___ Information supplied

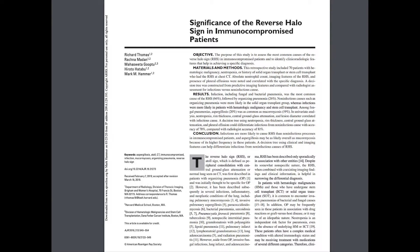We're going to talk about the reverse halo sign, which is sometimes also known as the atoll sign. If you remember the coral reefs that surround an area of ocean, they form a semicircle — that's the atoll. It's now mostly known as the reverse halo sign, originally described in patients with organizing pneumonia, but there is a differential diagnosis. Let's jump in with our differential diagnosis.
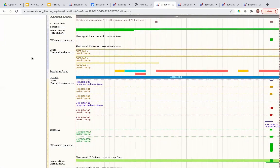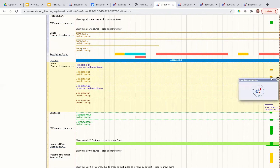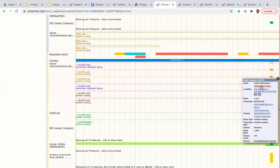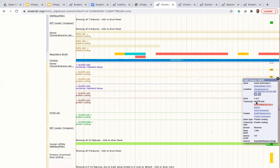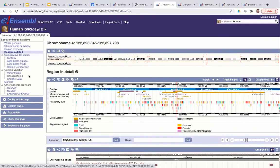The final thing to mention is that everything within this view is clickable. If you're interested in something, the best thing to do is click on it. For example, clicking on an exon of NUDT6 gives a pop-up window with more information — links to the gene, to the genomic location, to the transcripts and exons, to the protein, and further information. We're going to explore some of these links later on in the next session.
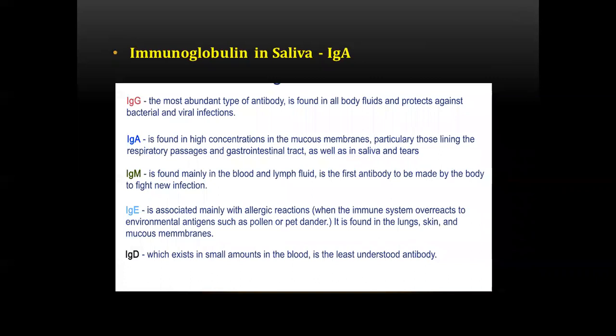The next question asked about the immunoglobulin present in saliva — the answer was IgA. IgG is the most abundant antibody in all body fluids, protecting against bacterial and viral infections. IgA is found in high concentration in mucous membranes lining the respiratory passages, GI tract, saliva, and tears. IgM is found in blood and lymph fluid and is the first antibody made to fight a new infection, representing acute infection. IgE is associated with allergic reactions and is found in lungs, skin, and mucous membranes. IgD exists in small amounts in the blood and is the least understood antibody.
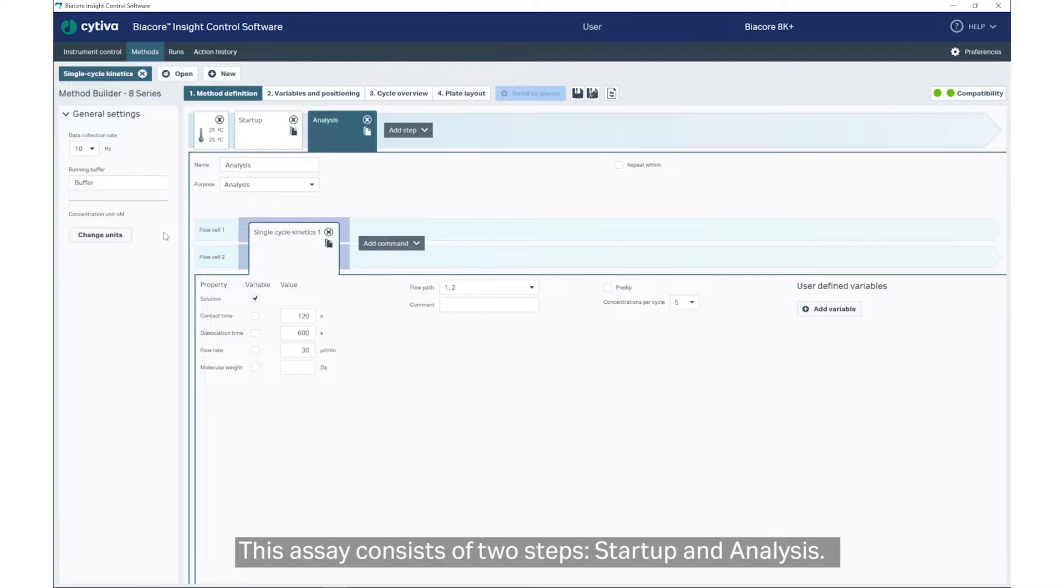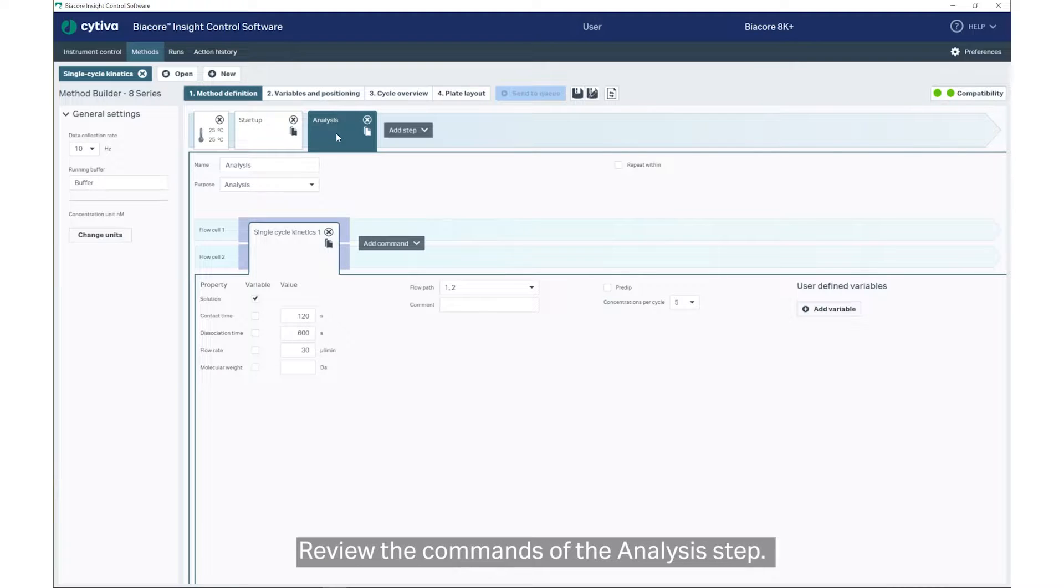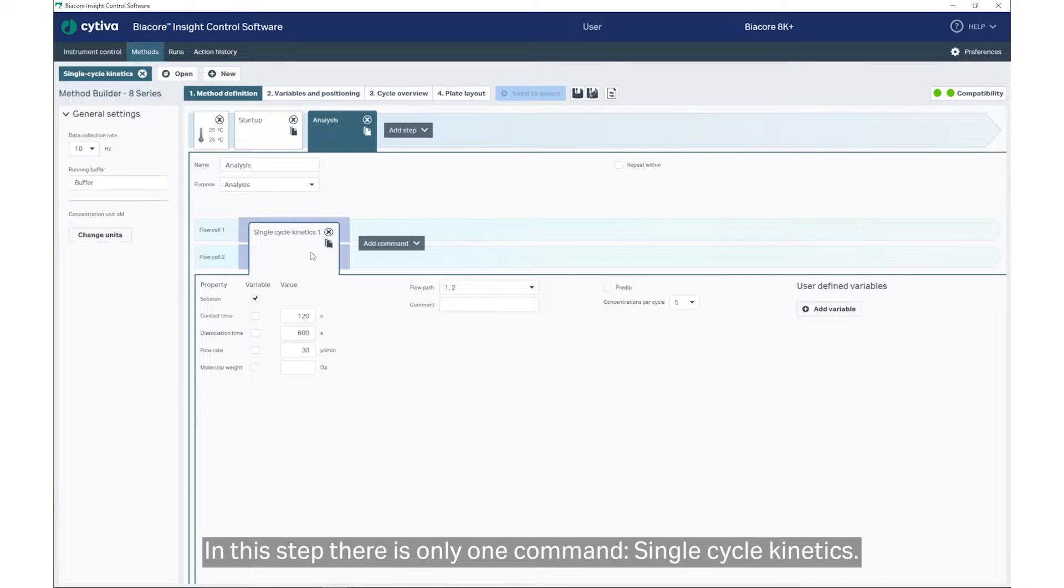This assay consists of two steps: Startup and Analysis. Review the commands of the Analysis step. In this step, there is only one command, Single Cycle Kinetics.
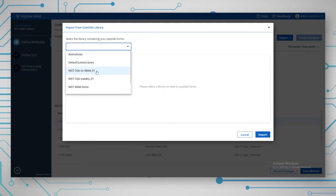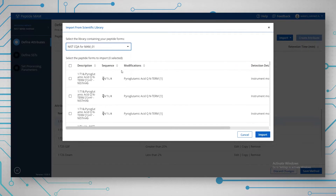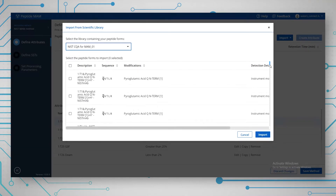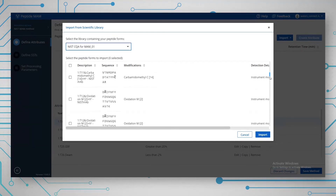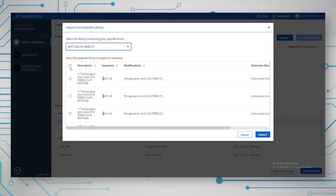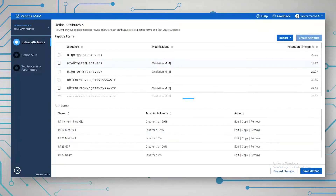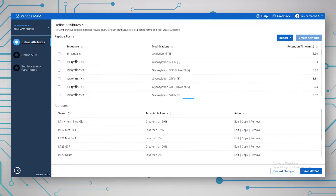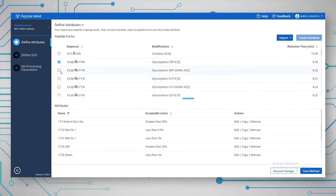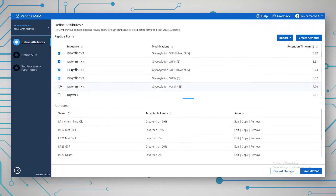We're going to use the scientific library because we've done everything in Unify in this example. Bringing in this library, we can see we have lots of peptides that have been brought in. We can now select the whole list and bring them all in — though we're not actually bringing them into the method just yet, just into this table. From here, we will go on and select what we want to use to create an attribute. I'm going to select all the different instances of the glycosylated peptide on the NIST antibody, selecting all instances and saying 'create an attribute'.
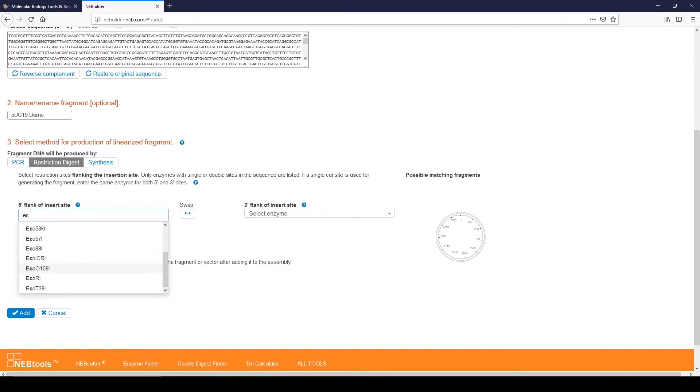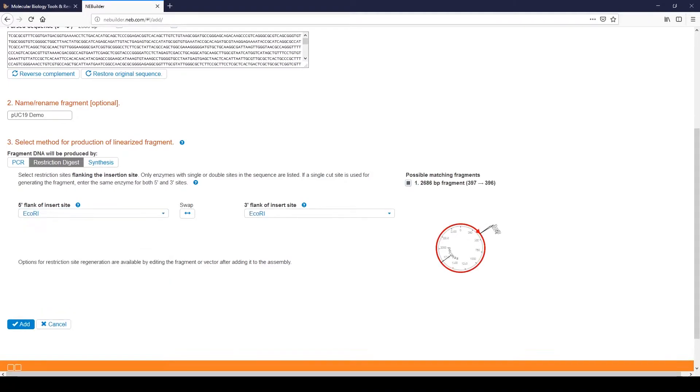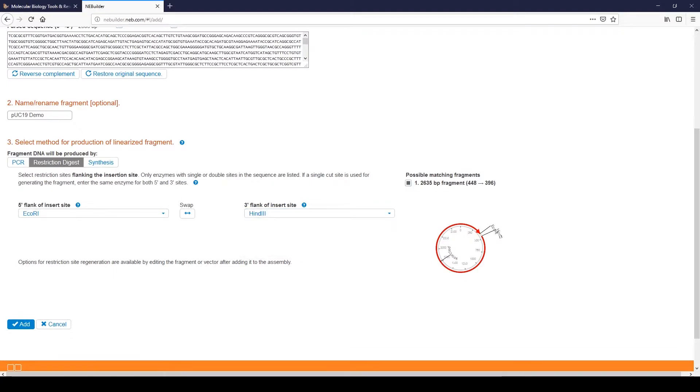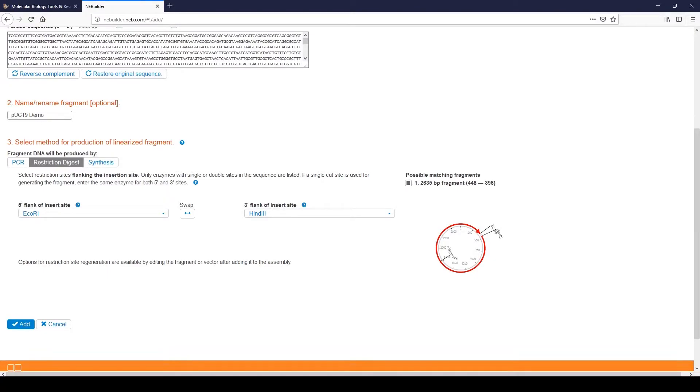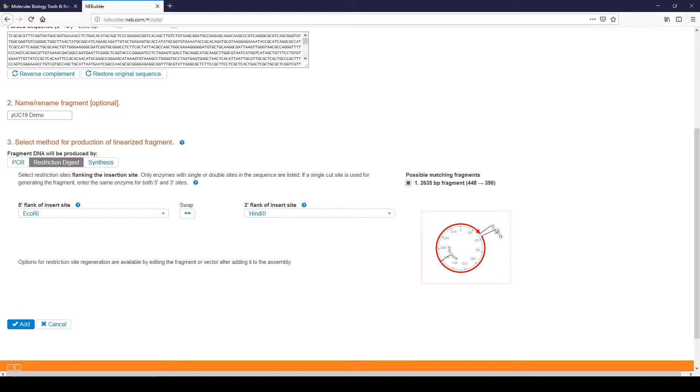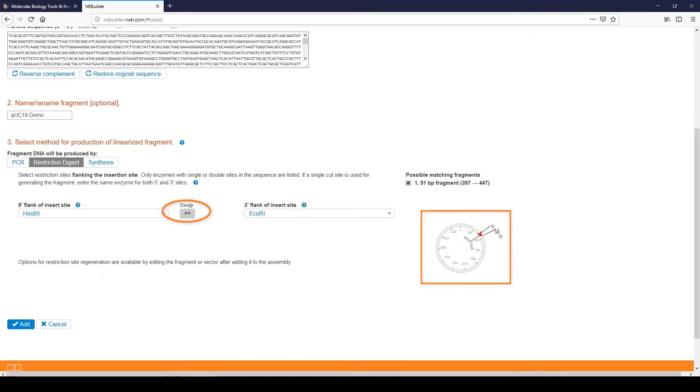Note that only restriction enzymes with one or two sites in the plasmid are available. By convention, the insert fragment will be cloned in the clockwise direction with the 5' end of the insert joined to the 5' end of the vector and the 3' end of the insert joined to the 3' end of the vector. In this case, the upstream 5' site is ECO-R1 and the downstream 3' site is HINDI-3. Once you have selected the restriction enzyme sites, the map in the upper right will show the digested plasmid. You can use the Swap button to change the upstream and downstream sites. Notice how the plasmid map changes when the restriction enzyme sites are swapped. Click Add.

______

What the task asks = Copy all the records word for word and keep the pictures out.

Completed task =
We're going to talk about the reverse halo sign, which is sometimes also known as the atoll sign. If you remember the coral reefs that surround an area of ocean, they form a semicircle — that's the atoll. It's now mostly known as the reverse halo sign, originally described in patients with organizing pneumonia, but there is a differential diagnosis. Let's jump in with our differential diagnosis.
The final thing to mention is that everything within this view is clickable. If you're interested in something, the best thing to do is click on it. For example, clicking on an exon of NUDT6 gives a pop-up window with more information — links to the gene, to the genomic location, to the transcripts and exons, to the protein, and further information. We're going to explore some of these links later on in the next session.
The next question asked about the immunoglobulin present in saliva — the answer was IgA. IgG is the most abundant antibody in all body fluids, protecting against bacterial and viral infections. IgA is found in high concentration in mucous membranes lining the respiratory passages, GI tract, saliva, and tears. IgM is found in blood and lymph fluid and is the first antibody made to fight a new infection, representing acute infection. IgE is associated with allergic reactions and is found in lungs, skin, and mucous membranes. IgD exists in small amounts in the blood and is the least understood antibody.
This assay consists of two steps: Startup and Analysis. Review the commands of the Analysis step. In this step, there is only one command, Single Cycle Kinetics.
We're going to use the scientific library because we've done everything in Unify in this example. Bringing in this library, we can see we have lots of peptides that have been brought in. We can now select the whole list and bring them all in — though we're not actually bringing them into the method just yet, just into this table. From here, we will go on and select what we want to use to create an attribute. I'm going to select all the different instances of the glycosylated peptide on the NIST antibody, selecting all instances and saying 'create an attribute'.
Note that only restriction enzymes with one or two sites in the plasmid are available. By convention, the insert fragment will be cloned in the clockwise direction with the 5' end of the insert joined to the 5' end of the vector and the 3' end of the insert joined to the 3' end of the vector. In this case, the upstream 5' site is ECO-R1 and the downstream 3' site is HINDI-3. Once you have selected the restriction enzyme sites, the map in the upper right will show the digested plasmid. You can use the Swap button to change the upstream and downstream sites. Notice how the plasmid map changes when the restriction enzyme sites are swapped. Click Add.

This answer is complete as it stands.